▽

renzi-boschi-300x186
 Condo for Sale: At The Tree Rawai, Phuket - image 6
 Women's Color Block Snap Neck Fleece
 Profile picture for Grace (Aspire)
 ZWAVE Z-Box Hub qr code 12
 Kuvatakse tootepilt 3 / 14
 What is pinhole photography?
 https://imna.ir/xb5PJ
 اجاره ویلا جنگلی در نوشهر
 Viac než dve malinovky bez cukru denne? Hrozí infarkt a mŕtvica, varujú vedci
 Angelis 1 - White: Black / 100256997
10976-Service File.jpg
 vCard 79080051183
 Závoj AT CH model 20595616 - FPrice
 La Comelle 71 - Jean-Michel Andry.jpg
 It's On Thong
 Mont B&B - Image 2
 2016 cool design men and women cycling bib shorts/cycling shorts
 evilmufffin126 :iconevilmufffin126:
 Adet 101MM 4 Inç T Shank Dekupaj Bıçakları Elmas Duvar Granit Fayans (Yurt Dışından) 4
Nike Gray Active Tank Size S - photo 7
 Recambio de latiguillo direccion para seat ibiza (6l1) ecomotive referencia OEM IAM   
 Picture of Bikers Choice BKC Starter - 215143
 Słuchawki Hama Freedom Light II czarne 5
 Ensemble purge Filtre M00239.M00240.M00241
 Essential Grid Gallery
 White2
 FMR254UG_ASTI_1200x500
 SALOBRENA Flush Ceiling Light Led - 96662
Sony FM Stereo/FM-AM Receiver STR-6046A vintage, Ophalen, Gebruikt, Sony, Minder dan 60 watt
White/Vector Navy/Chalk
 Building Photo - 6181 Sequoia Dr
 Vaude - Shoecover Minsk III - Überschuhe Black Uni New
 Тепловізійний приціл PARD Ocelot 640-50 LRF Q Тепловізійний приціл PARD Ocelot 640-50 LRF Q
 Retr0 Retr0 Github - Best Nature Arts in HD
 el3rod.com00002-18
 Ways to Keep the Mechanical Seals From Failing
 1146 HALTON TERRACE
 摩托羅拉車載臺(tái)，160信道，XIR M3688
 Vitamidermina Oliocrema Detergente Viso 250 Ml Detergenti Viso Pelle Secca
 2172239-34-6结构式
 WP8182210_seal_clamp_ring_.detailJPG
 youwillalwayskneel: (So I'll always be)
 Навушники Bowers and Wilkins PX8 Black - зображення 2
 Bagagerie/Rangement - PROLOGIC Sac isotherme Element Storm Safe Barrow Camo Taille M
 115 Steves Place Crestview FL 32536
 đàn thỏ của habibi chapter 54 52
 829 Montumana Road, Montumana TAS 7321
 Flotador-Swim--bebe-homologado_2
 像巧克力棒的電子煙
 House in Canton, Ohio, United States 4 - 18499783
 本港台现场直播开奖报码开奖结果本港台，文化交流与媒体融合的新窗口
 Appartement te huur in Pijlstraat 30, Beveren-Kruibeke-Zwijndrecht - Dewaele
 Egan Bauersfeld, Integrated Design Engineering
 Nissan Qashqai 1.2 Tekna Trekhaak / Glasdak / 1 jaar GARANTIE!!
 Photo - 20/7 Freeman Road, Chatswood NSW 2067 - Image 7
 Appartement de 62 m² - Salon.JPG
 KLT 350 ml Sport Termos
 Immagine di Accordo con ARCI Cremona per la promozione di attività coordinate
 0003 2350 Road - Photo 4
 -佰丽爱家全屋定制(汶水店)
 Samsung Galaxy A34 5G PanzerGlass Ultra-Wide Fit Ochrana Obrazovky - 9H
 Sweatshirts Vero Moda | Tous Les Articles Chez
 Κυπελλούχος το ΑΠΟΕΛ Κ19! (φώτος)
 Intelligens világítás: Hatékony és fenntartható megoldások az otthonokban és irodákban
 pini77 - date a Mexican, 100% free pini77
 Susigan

△

INSTRUCTIONS FOR THE TASK.
Return only the part of the records above that opens with the line containing "đàn thỏ của habibi chapter 54 52" and closes with the line containing "本港台现场直播开奖报码开奖结果本港台，文化交流与媒体融合的新窗口", ends included.

OUTPUT FOR THIS EXERCISE.
 đàn thỏ của habibi chapter 54 52
 829 Montumana Road, Montumana TAS 7321
 Flotador-Swim--bebe-homologado_2
 像巧克力棒的電子煙
 House in Canton, Ohio, United States 4 - 18499783
 本港台现场直播开奖报码开奖结果本港台，文化交流与媒体融合的新窗口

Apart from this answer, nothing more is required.